Возраст валунов ученые пока не определили. Считается, что они созданы в раннем неолите 13-10 тысяч лет назад, но эту датировку — как и возраст нового найденного изображения — Черников считает приблизительной. 

— Если с обычными археологическими находками нам достаточно провести радиоуглеродный анализ, то с петроглифами все сложнее. Окладников первым описал культурные слои и археологические периоды на Амуре. И он просто сравнивал то, что рядом, в селе, и предполагал, что изображения того же возраста. Сейчас некоторые его результаты пересмотрели кардинально, и научные исследования этот пересмотр подтверждают. 

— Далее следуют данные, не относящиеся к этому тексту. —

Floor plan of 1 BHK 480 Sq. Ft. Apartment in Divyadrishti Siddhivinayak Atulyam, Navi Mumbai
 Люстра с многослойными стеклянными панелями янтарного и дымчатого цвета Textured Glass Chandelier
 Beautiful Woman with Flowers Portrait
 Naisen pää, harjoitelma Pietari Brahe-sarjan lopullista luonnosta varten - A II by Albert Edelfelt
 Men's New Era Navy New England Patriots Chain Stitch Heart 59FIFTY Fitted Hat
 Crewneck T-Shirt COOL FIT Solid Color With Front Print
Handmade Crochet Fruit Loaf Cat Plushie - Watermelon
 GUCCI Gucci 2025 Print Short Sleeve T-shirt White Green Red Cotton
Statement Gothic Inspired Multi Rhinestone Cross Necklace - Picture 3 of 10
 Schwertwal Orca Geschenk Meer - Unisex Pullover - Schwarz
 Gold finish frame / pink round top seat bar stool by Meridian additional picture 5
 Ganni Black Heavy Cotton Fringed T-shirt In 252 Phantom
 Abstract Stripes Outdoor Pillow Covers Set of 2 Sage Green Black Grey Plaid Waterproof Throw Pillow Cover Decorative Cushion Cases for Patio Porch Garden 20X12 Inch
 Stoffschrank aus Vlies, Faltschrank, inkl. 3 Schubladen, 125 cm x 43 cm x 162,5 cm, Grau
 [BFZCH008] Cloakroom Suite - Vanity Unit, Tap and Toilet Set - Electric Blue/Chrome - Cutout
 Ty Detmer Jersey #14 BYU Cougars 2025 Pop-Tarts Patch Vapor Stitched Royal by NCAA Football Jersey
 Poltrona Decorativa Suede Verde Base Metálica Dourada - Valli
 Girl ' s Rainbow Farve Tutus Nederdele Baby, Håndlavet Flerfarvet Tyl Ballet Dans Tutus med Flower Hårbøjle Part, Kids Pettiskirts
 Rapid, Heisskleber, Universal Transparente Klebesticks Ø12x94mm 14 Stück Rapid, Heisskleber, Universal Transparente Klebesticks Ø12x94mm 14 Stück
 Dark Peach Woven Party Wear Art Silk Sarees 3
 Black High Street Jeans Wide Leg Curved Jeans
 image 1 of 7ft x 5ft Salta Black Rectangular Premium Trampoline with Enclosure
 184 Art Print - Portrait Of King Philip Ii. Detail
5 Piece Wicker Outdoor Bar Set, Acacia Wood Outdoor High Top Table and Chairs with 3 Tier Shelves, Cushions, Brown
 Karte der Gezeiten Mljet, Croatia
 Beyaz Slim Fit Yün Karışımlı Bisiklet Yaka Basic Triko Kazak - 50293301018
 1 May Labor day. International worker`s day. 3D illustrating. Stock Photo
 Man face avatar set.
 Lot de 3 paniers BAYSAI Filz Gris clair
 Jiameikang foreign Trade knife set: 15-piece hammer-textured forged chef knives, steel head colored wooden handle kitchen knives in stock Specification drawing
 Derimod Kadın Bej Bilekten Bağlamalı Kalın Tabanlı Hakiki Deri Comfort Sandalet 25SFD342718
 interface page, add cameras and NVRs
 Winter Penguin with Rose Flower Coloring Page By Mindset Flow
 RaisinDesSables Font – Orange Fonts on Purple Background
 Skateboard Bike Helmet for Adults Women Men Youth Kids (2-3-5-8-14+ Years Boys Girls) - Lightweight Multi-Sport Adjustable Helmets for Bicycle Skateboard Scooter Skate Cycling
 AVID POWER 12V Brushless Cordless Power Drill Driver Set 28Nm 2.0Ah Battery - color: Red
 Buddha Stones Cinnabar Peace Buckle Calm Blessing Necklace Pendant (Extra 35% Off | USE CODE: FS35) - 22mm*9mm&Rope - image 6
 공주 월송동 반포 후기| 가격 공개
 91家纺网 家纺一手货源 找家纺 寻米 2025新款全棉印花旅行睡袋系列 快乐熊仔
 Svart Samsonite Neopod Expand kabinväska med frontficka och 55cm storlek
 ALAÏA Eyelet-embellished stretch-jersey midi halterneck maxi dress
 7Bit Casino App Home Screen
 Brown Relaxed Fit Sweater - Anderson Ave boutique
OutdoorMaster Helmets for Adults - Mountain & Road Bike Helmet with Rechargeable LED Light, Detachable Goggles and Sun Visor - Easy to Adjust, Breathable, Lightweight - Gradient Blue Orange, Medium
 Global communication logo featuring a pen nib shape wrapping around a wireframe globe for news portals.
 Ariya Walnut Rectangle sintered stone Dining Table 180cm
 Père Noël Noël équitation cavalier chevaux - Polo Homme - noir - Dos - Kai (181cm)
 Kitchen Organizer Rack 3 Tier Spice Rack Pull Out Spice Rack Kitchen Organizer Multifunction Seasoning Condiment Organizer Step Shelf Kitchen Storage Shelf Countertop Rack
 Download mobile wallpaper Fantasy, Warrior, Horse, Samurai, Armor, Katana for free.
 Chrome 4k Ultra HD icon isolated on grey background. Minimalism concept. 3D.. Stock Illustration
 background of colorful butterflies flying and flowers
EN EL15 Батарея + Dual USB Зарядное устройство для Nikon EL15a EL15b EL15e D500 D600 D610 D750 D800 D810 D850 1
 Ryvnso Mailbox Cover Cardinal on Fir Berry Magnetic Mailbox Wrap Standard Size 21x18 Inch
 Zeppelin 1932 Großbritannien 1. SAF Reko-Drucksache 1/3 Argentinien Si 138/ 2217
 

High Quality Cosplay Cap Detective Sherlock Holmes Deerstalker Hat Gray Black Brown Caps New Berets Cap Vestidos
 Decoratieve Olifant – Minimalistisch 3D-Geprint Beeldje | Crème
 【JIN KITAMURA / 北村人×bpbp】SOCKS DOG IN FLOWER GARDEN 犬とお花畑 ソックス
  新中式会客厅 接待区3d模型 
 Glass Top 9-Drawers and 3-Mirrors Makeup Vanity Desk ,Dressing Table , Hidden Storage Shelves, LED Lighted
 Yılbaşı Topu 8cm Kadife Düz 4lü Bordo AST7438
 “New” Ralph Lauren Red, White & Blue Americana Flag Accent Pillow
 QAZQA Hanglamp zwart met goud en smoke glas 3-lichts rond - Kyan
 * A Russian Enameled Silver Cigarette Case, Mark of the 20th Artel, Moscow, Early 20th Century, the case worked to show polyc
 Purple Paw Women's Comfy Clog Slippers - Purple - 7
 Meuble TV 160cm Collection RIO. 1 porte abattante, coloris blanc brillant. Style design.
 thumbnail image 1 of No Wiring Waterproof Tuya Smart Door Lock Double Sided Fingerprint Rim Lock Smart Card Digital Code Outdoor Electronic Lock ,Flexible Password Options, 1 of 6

Сегодня для датировки петроглифов используют другой метод — смотрят не на то, что в селе или ближайшем стойбище, а на то, что непосредственно под валунами. Ученые предполагают, что культурный слой здесь не мог образоваться от бытовой жизни — неудобно жить или вести хозяйство слишком близко к реке, под ветрами, с паводками и ледоходами. Поэтому под камнями — то, что осталось непосредственно от времени, когда наносились рисунки. Уже упомянутая река Кия раньше была куда полноводней, древнее русло оставило после себя широкую долину, и это дает богатые возможности для изучения культурного слоя, застывшего под камнями — его не смывает водой и не разрушает ледоходами. 

«Пытаемся какие-то судороги производить» 

Из-за большого объема работы на Кие и других объектах для археологов новый валун с петроглифами — не самое масштабное событие. По нему сделали сообщение в управление культурного наследия, приложили координаты, всю документацию, фотографии. Теперь он должен войти в список объектов культурного наследия, потом — попасть на кадастровые карты. Список обновляется раз в год. 

— Этот валун, безусловно, нужно исследовать и дальше. Но работы много и в других местах. На Амуре вся территория была довольно плотно заселена. Мы делали разведку, и только в том месте, где найден новый камень, около 50 жилищных западин. И пока неизвестно, может они разновременные, — рассказывает Черников. — Да даже Сикачи-Алян, который в огне не горит, в воде не тонет и вроде как самый известный — там тоже еще уйма работы. Там поселений десять есть, в сторону села Малышева — еще 15, нужно все изучать современными методами.

Вот только археологов на весь Хабаровский край — очень мало. 

— Как-то, еще в доковидные времена, разговаривал с коллегой из Южной Кореи. И у них тогда, несколько лет назад, было 3500 высококвалифицированных археологов-исследователей на всю страну! У нас в России тогда ну может тысячи полторы было таких специалистов, а в Хабаровском крае — шестеро. Мы, конечно, пытаемся какие-то судороги производить, не опускаем руки, но вот такая, сногсшибательная разница, — делится Черников. 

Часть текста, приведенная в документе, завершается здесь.